We need to move these functions from the modules where they are applied to a common module. My best thought at the moment is something called common.rs. When the number of functions in that module starts to get large, we could split the functions out by category.

arnaucasau · 2024-05-07T12:39:28Z

We need to move these functions from the modules where they are applied to a common module. My best thought at the moment is something called common.rs.

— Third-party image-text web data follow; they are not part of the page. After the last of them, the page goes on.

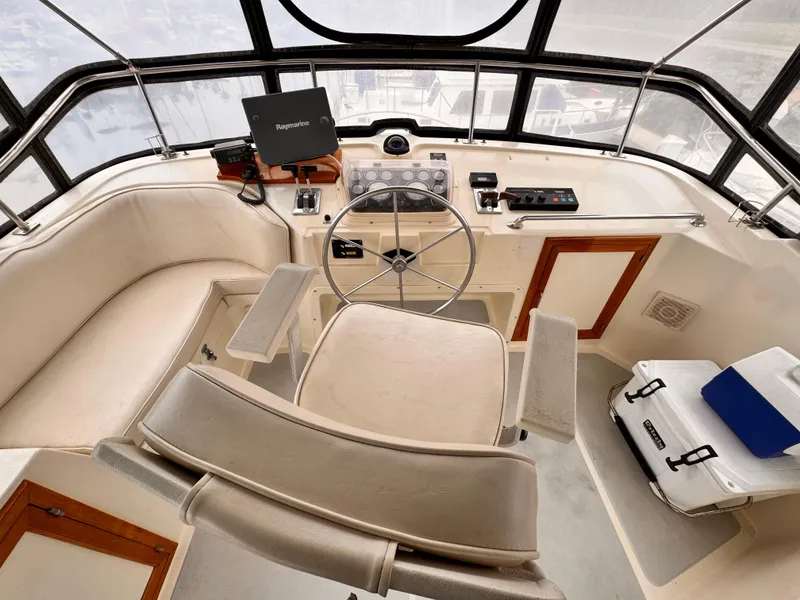 Slide: The Image of Cockpit of 1988 Overseas PT52 Motoryacht with steering wheel and navigation equipment. - 21
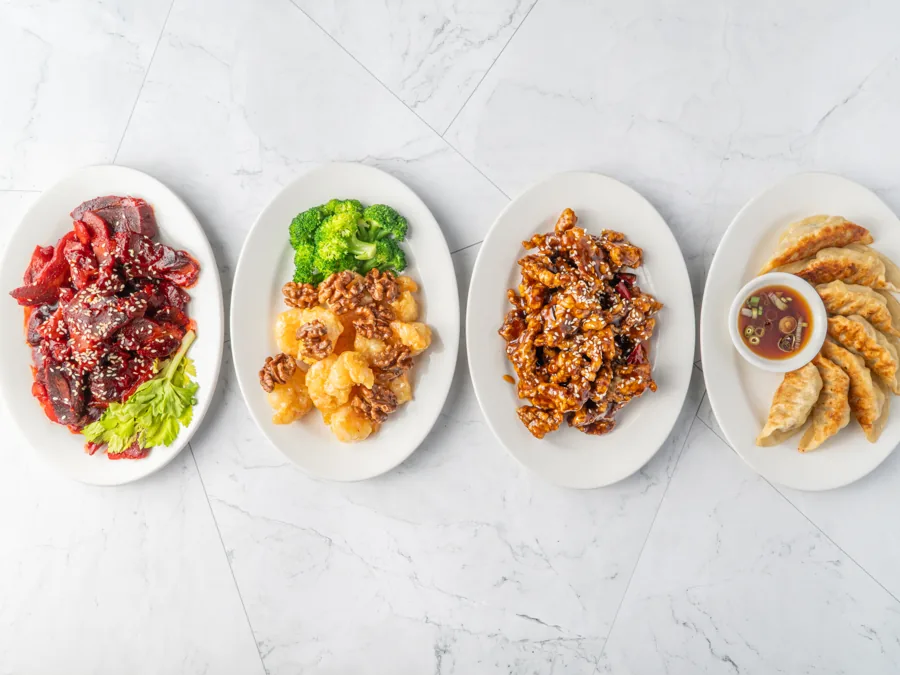 Four plates in a row: beef, walnut shrimp, kung pao chicken and pot stickers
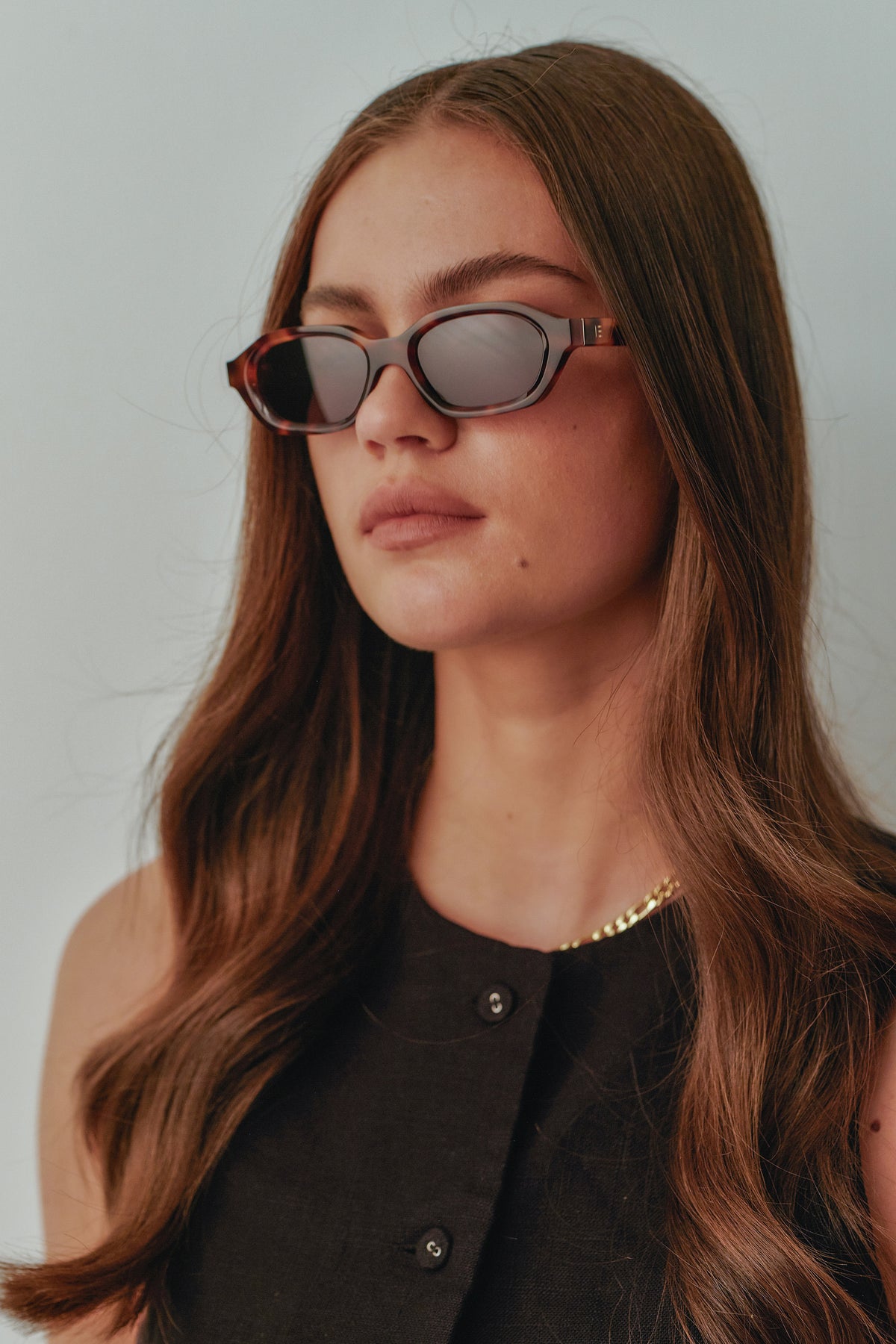 Female model wearing Isle of Eden Luca tortoise sunglasses, side profile portrait looking away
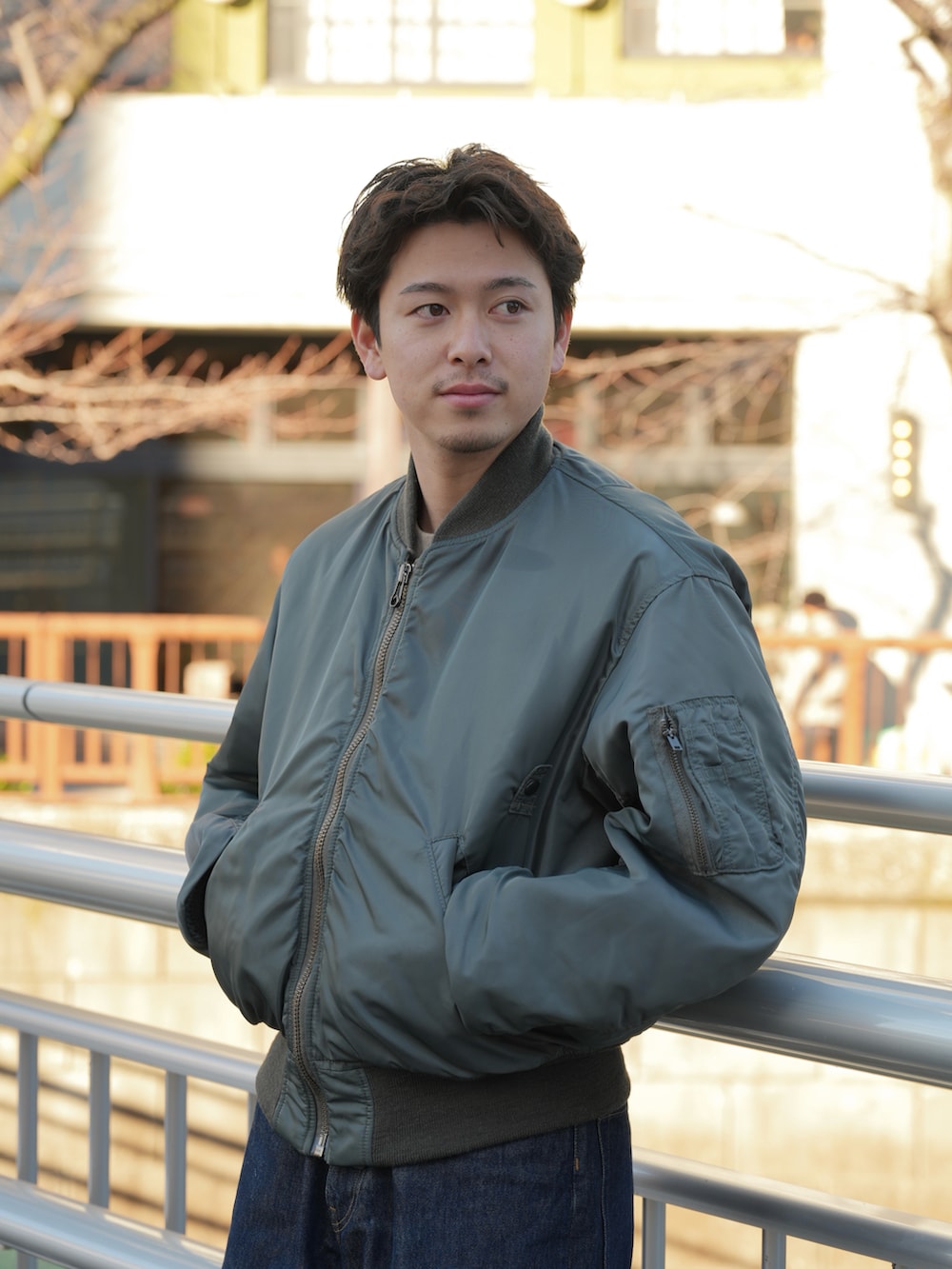 グリーン系のMA-1、ブルー系のデニムパンツ、ブラック系のドレスシューズを着用したメンズの春コーディネートの3枚目の写真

I like the idea! In the last commit, I moved there the new kron functions and the change_basis we were also using in other modules 👍

After testing the new kron functions, I see that using ndarray is always faster than faer, so I changed the code to use ndarray except when we need a Mat with ownership. In this case, we could use the faer version to avoid the to_owned().

For this script, it doesn't make a big impact to use the versions that need preallocated arrays, so I used the allocating versions to make the code more idiomatic in the match, and I changed as well the other uses of kron in this crate (two_qubit_decompose.rs).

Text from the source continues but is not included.